R: Find clusters of similar stories

get_story_clusters {stoRy}

R Documentation

Find clusters of similar stories

Description

get_story_clusters classifies the stories in a collection according to thematic similarity.

Usage

get_story_clusters(
  collection = NULL,
  weights = list(choice = 3, major = 2, minor = 1),
  explicit = TRUE,
  min_freq = 1,
  min_size = 3,
  blacklist = NULL
)

Arguments

`collection`	A `Collection()` class object. If `NULL`, the collection of all stories in the actively loaded LTO version is used.
`weights`	A list assigning nonnegative weights to choice, major, and minor theme levels. The default weighting `list(choice = 3, major = 2, minor = 1)` counts each choice usage three times, each major theme usage twice, and each minor theme usage once. Use the uniform weighting `list(choice = 1, major = 1, minor = 1)` weights theme usages equally regardless of level. At least one weight must be positive.
`explicit`	Set to `FALSE` to include ancestor themes of the explicit thematic annotations.
`min_freq`	Drop themes occurring less than this number of times from the analysis. The default `min_freq=1` results in no themes are discarded.
`min_size`	Minimum cluster size.

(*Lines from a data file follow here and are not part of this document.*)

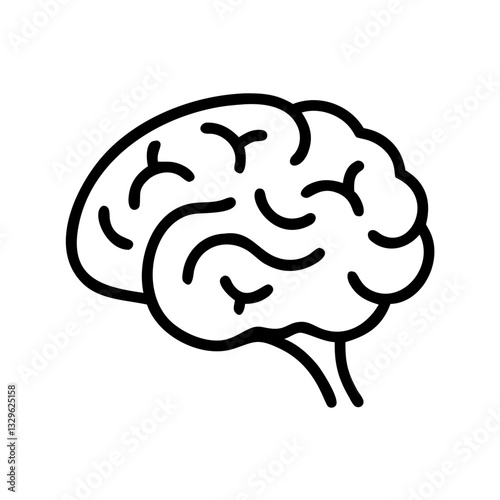 brain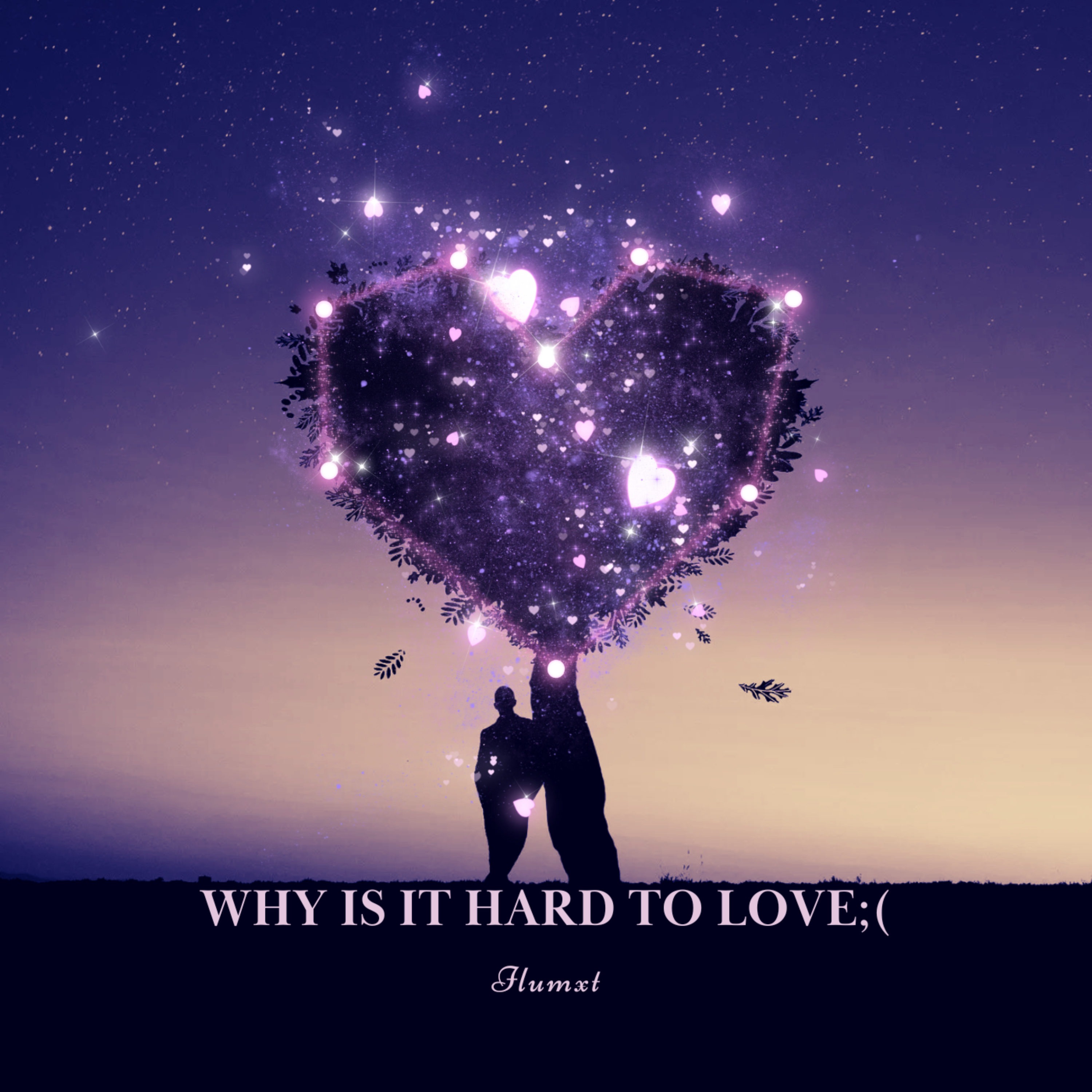 Why is it so Hard to Love artwork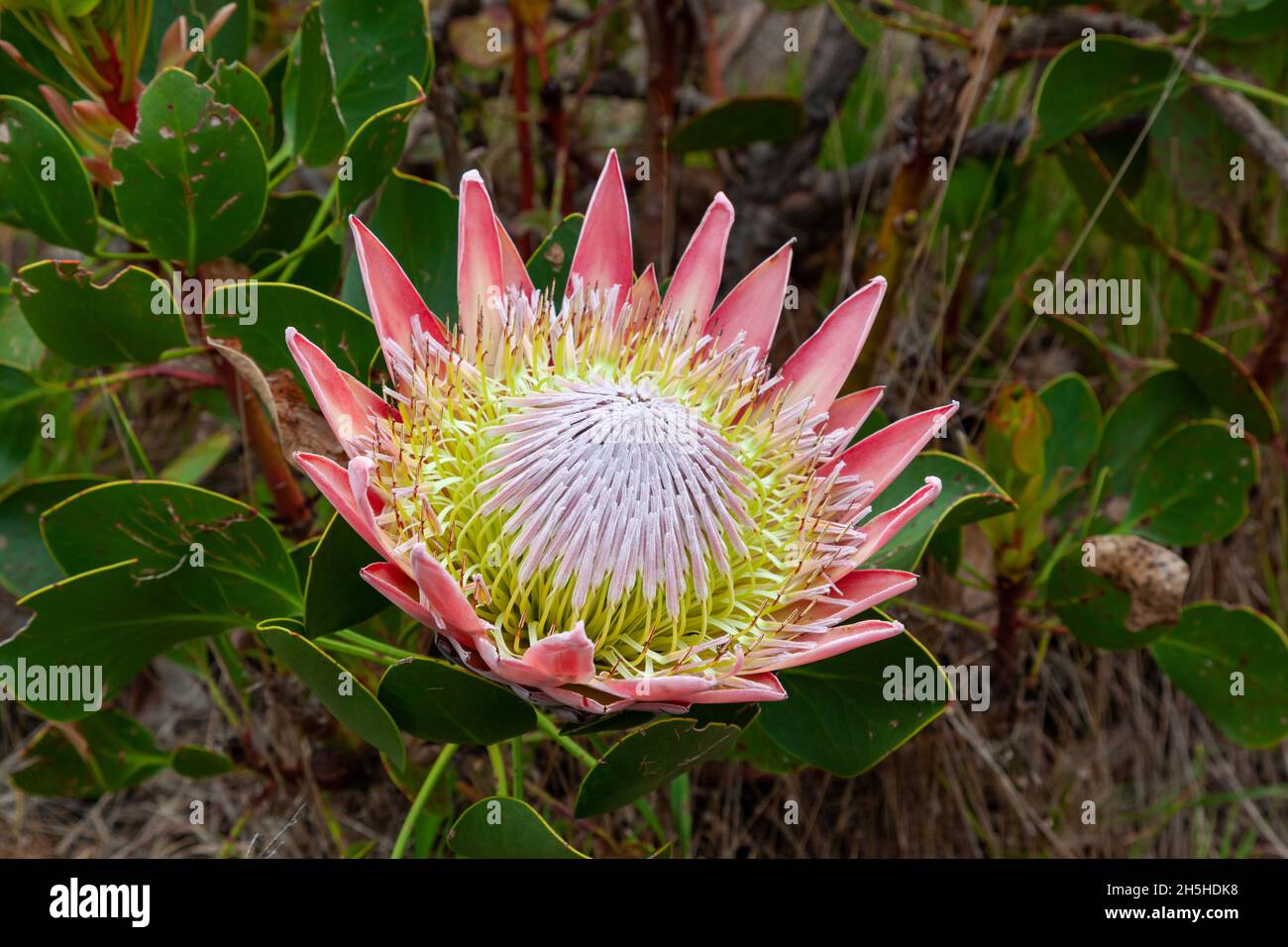 A King or Giant Protea (Protea cynaroides), South Africa's national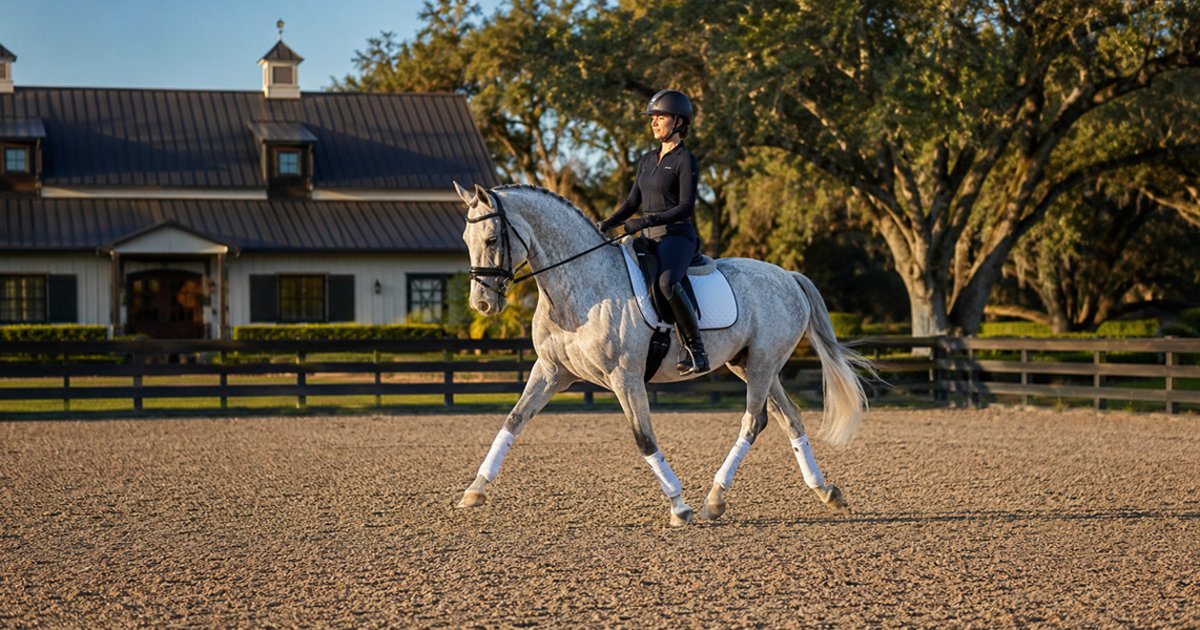 The Ground Your Horse Works On - Why Your Horse Arena Matters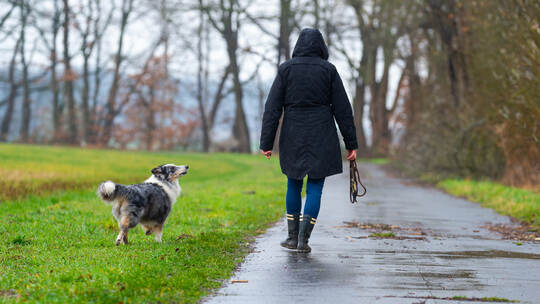 Regenwetter in Niedersachsen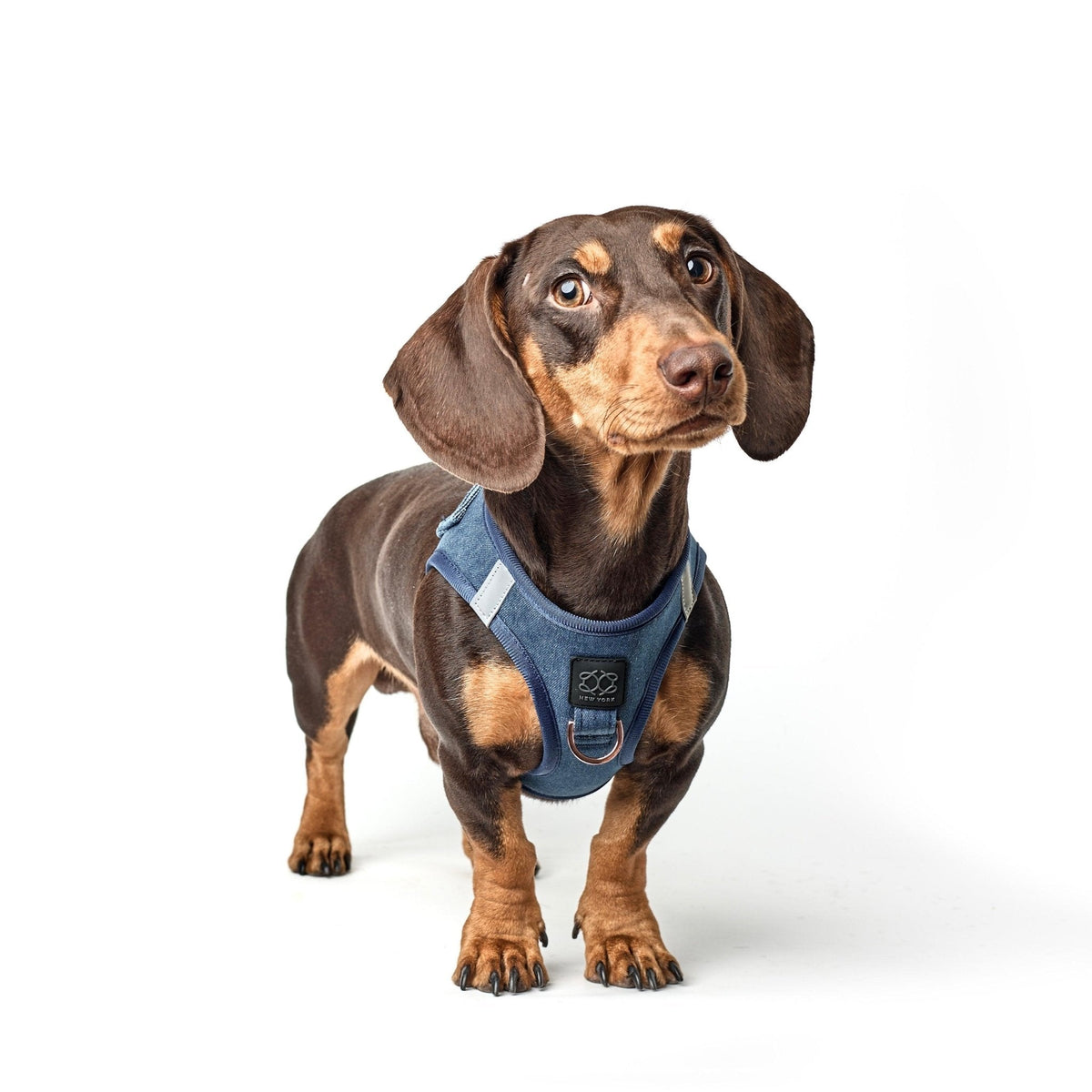 DOGISTRY SoHo Dog Harness - Denim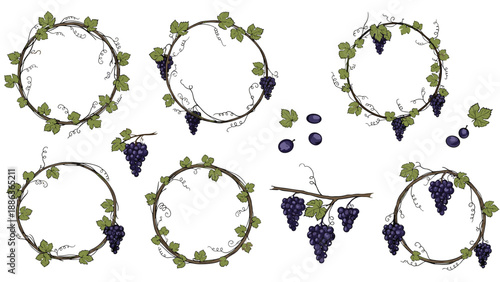 Decorative collection of grapevine wreaths features green leaves and clusters of purple grapes in various artistic circular arrangements.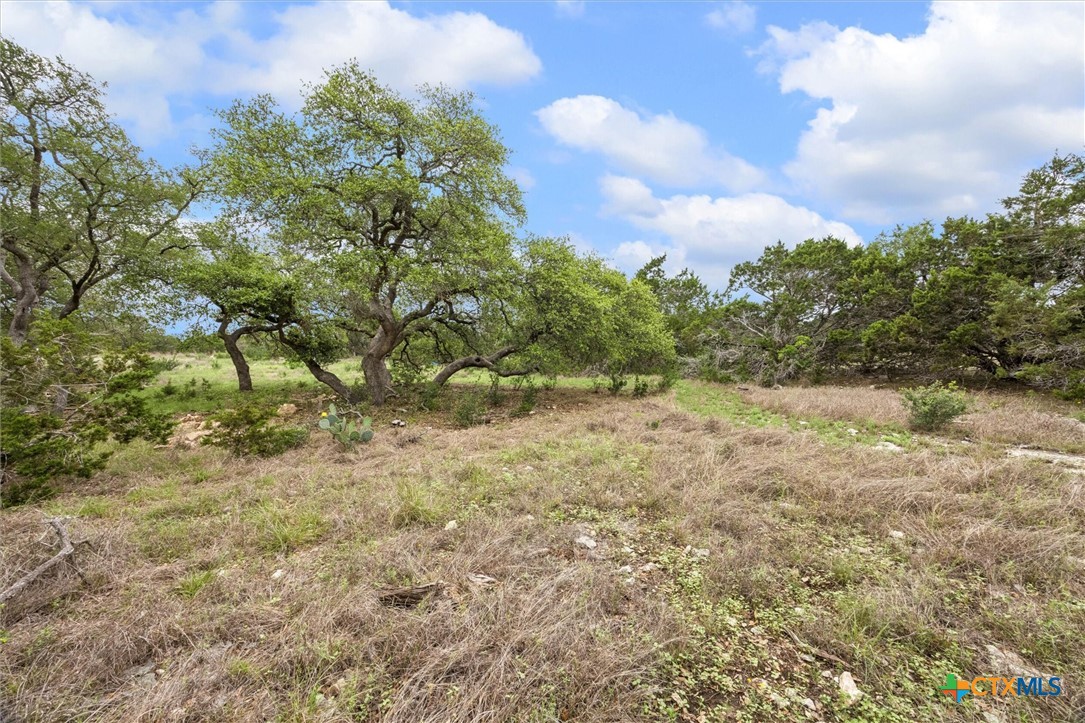 865 Rutherford Fischer, TX 78623 - Photo 5 of 11 a view of a yard with an trees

The default is `min_size=3`.
`blacklist`	A `Themeset()` class object. A themeset containing themes to be dropped from the analysis. If `NULL`, no themes are filtered.

Details

The input collection of n stories, S[1], \ldots, S[n], is represented as a weighted bag-of-words, where each choice theme in story S[j] (j=1, \ldots, n) is counted weights$choice times, each major theme weights$major times, and each minor theme weights$choice times.

The function classifies the stories according to thematic similarity using the Iterative Signature Algorithm (ISA) biclustering algorithm as implemented in the isa2 R package. The clusters are "soft" meaning that a story can appear in multiple clusters.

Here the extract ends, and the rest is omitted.